Supplied data:
►

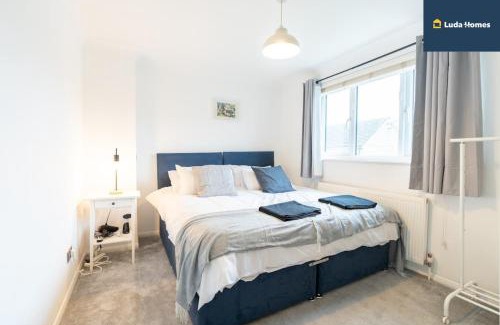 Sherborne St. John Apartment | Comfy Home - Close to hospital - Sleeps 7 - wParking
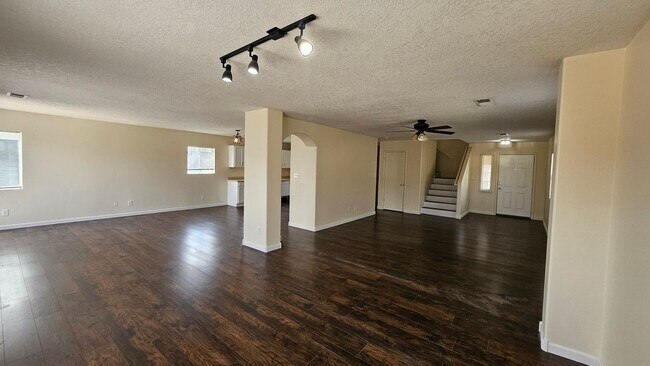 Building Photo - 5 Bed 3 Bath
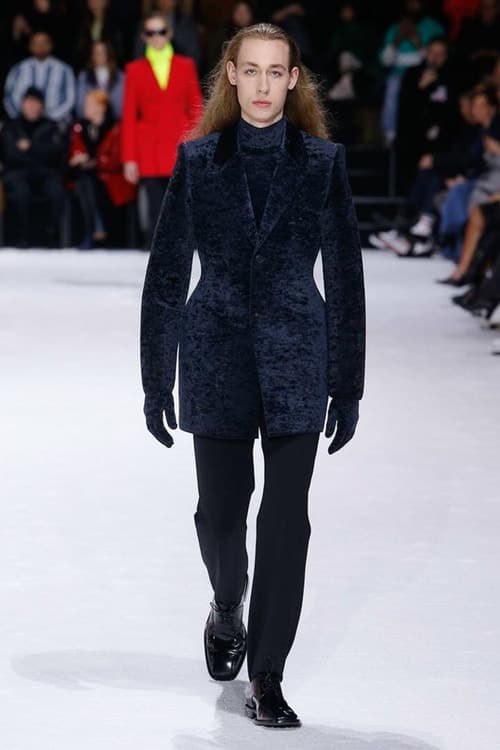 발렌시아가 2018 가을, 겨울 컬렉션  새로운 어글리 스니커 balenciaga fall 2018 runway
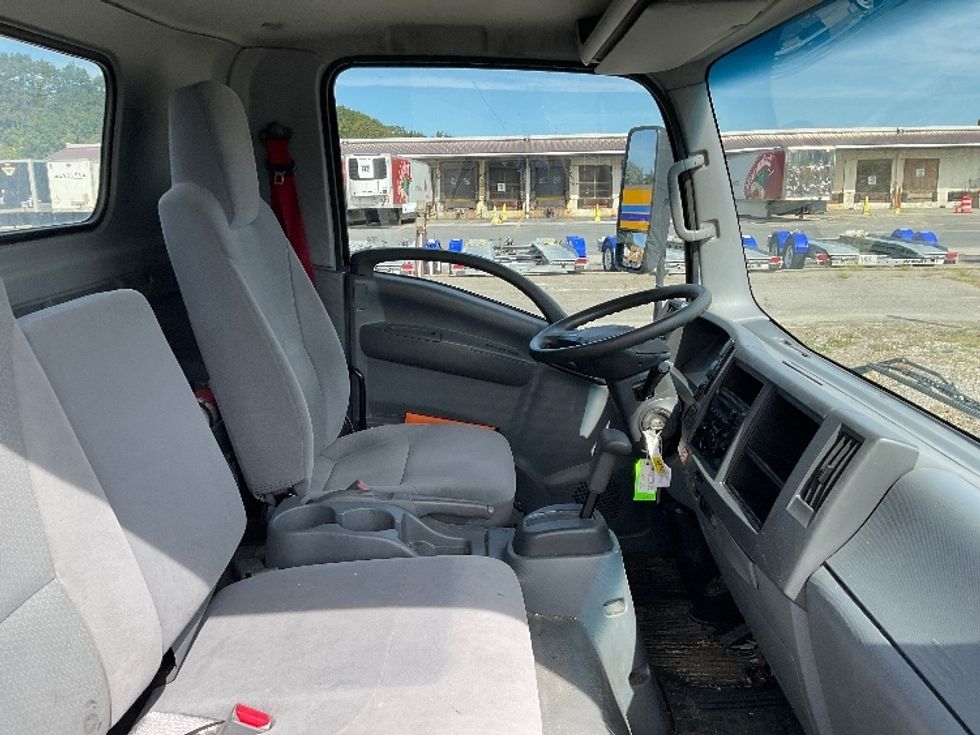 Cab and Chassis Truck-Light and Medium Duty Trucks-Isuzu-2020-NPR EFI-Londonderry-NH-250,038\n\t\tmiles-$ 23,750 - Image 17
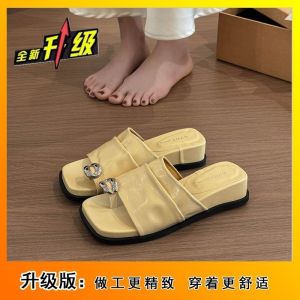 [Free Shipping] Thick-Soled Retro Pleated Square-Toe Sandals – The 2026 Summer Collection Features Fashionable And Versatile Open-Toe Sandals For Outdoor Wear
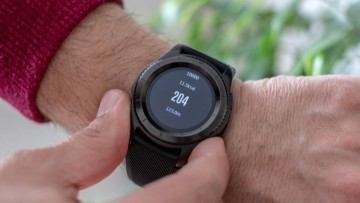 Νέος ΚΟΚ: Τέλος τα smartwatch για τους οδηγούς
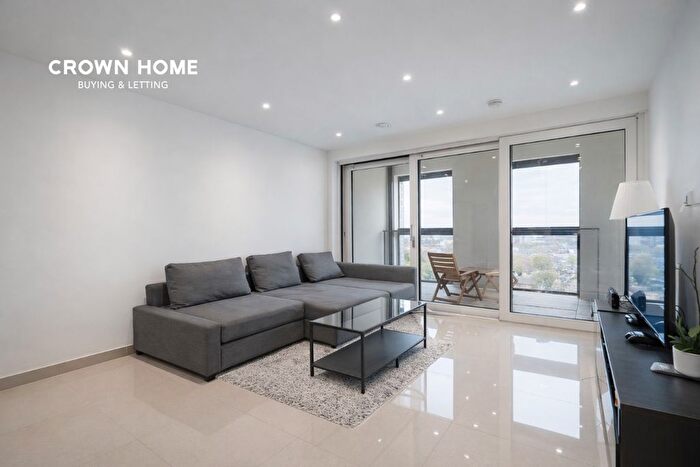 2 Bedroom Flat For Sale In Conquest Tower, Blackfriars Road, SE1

◄
►

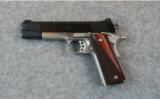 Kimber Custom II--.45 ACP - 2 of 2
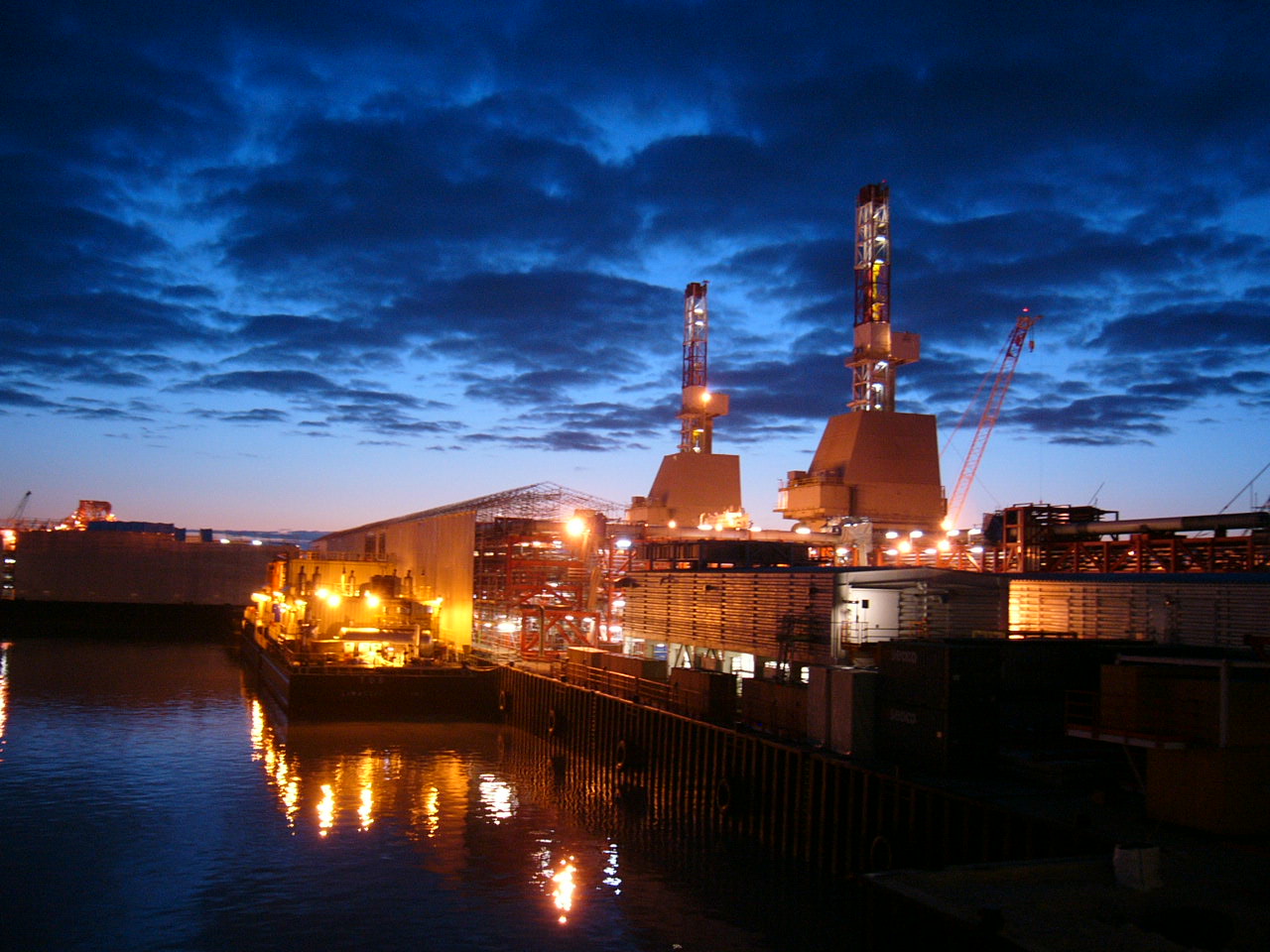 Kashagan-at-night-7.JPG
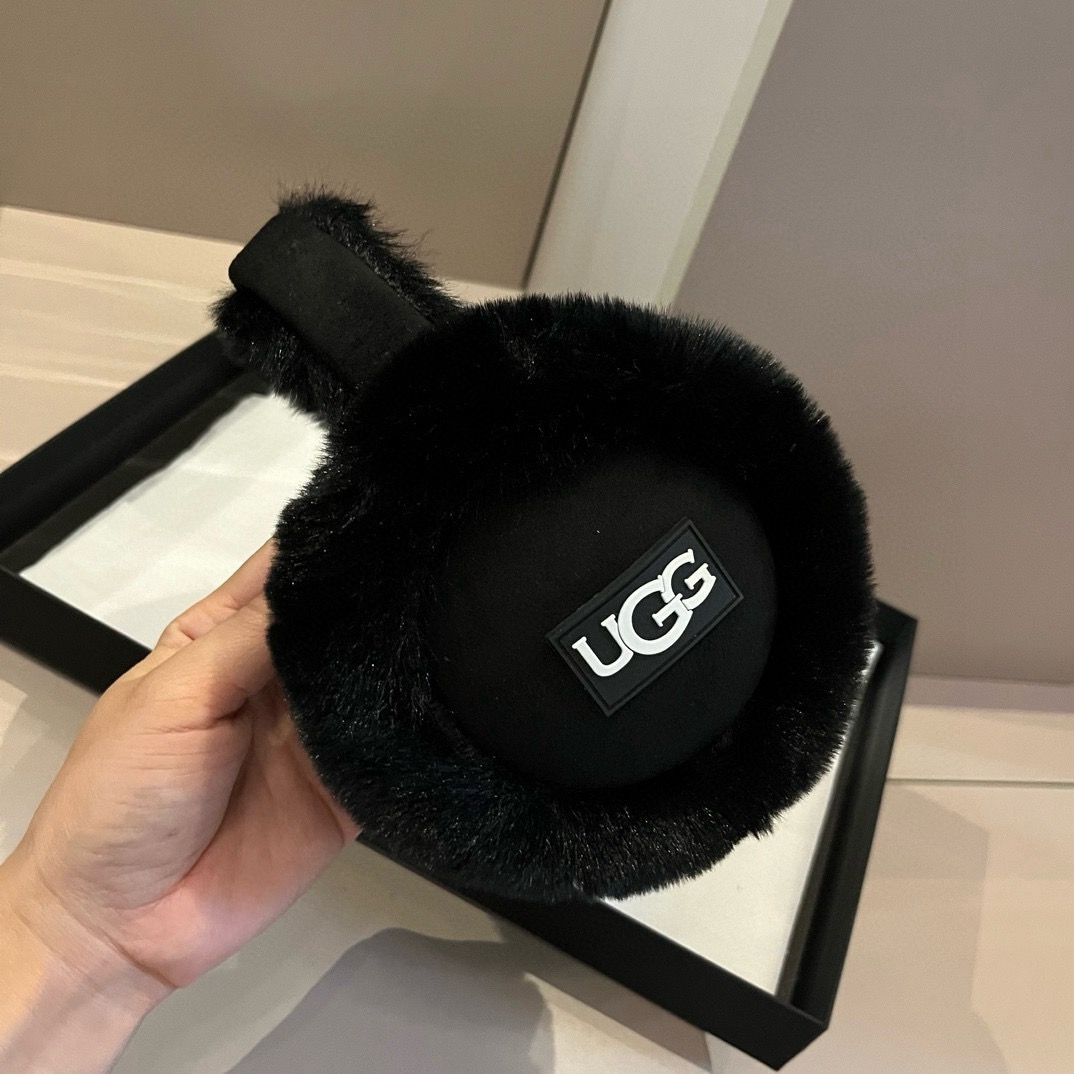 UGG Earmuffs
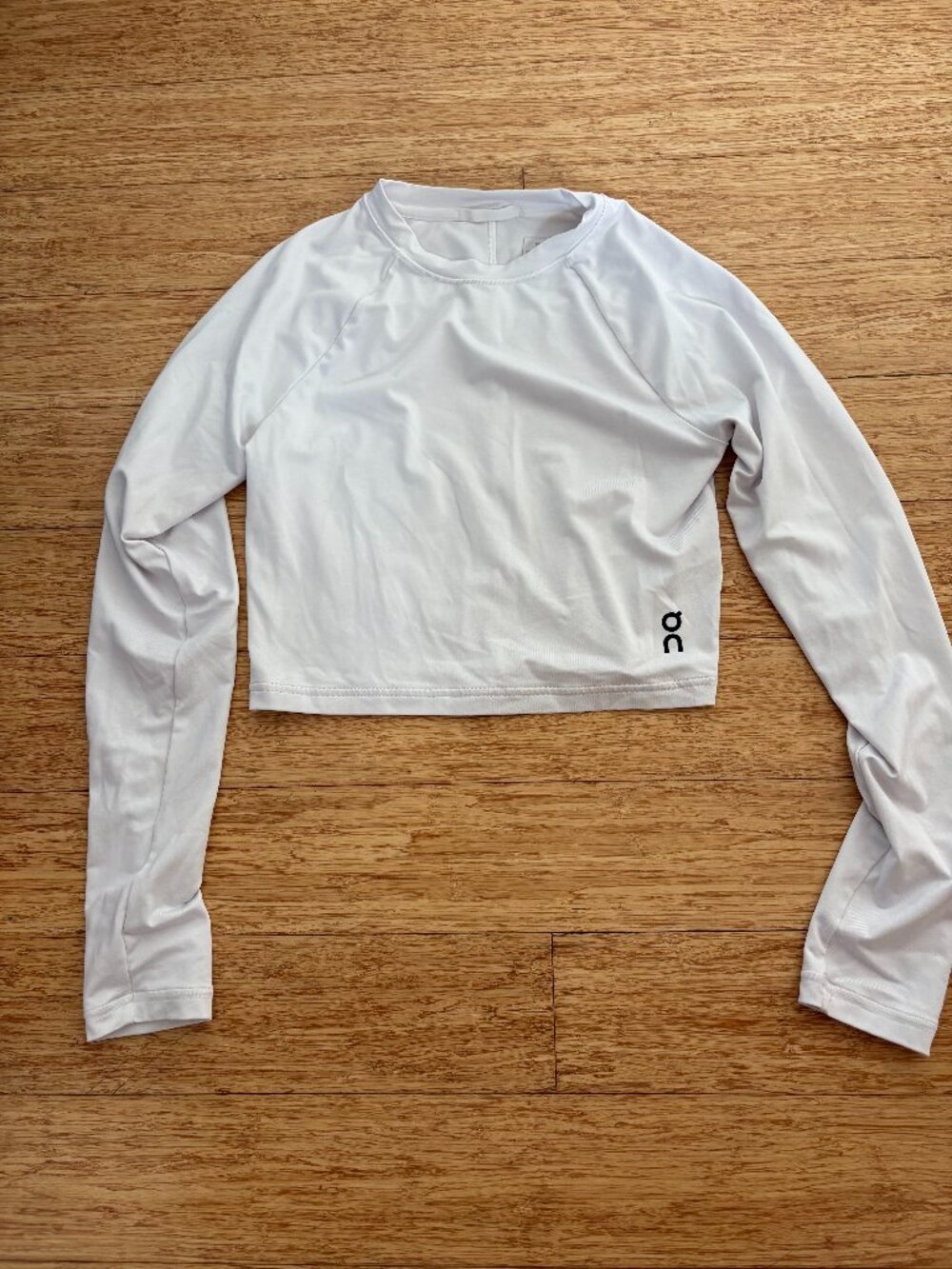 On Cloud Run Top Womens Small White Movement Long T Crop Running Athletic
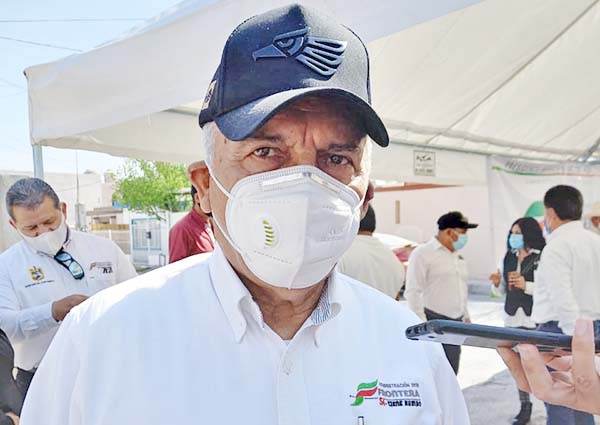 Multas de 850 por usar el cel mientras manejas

◄

Your goal:
Set down exactly the lines above, from the line containing "Νέος ΚΟΚ: Τέλος" through the line containing "2 Bedroom Flat". Skip the pictures.

Solved exercise:
 Νέος ΚΟΚ: Τέλος τα smartwatch για τους οδηγούς
 2 Bedroom Flat For Sale In Conquest Tower, Blackfriars Road, SE1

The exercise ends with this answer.